- [What the exercise asks]:
Find the line that holds "Videos Game Controller" in the material below. Output that line and each one after it exactly, but not the pictures.

- [Raw data]:
※
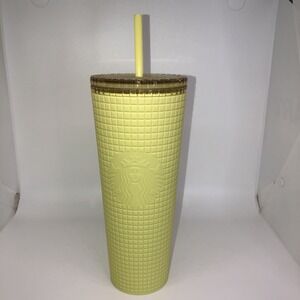 Starbucks Winter 2023 - Meadow Yellow Soft Touch Grid Cold Cup Tumbler 24 oz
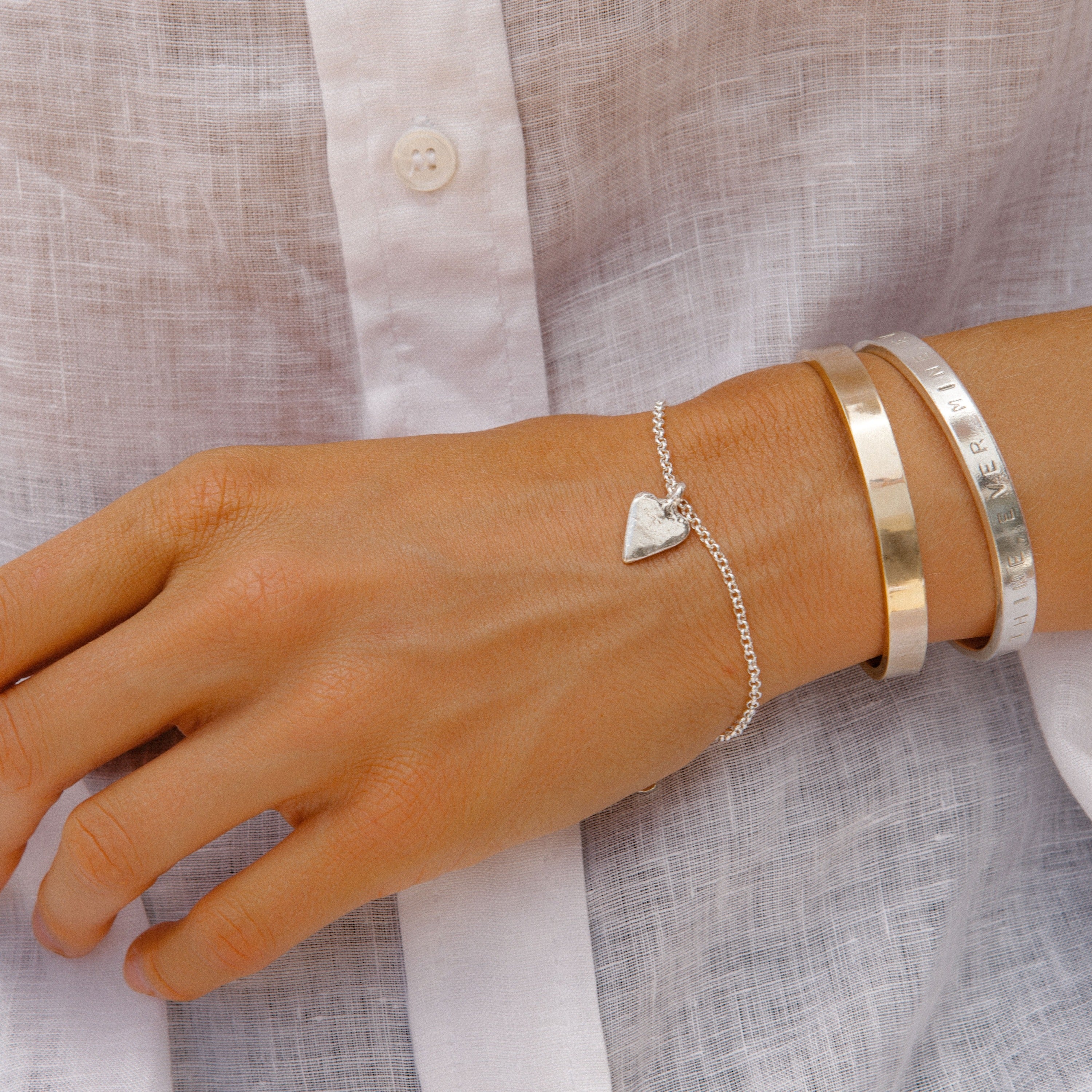 Silver Mini Heart Chain Bracelet
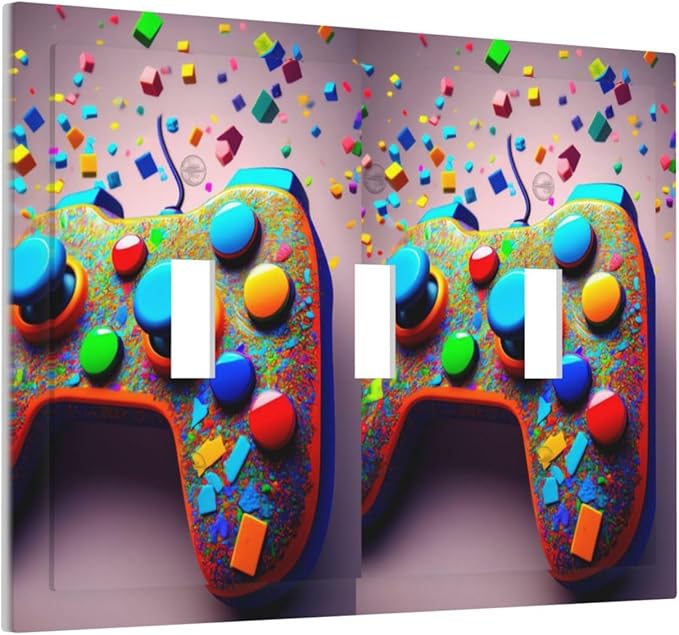 Videos Game Controller 3 Gang Triple Toggle Decorative Light Switch Covers Electrical Faceplate Switchplates for Bathroom Kitchen Home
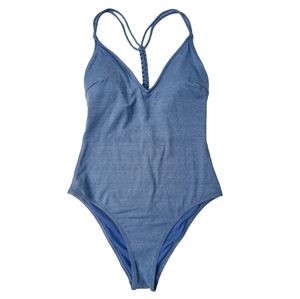 Cupshe Mira Blue Women's Strappy Braided Back One Piece Swimsuit Shimmery Medium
※
- [Result below]:
 Videos Game Controller 3 Gang Triple Toggle Decorative Light Switch Covers Electrical Faceplate Switchplates for Bathroom Kitchen Home
 Cupshe Mira Blue Women's Strappy Braided Back One Piece Swimsuit Shimmery Medium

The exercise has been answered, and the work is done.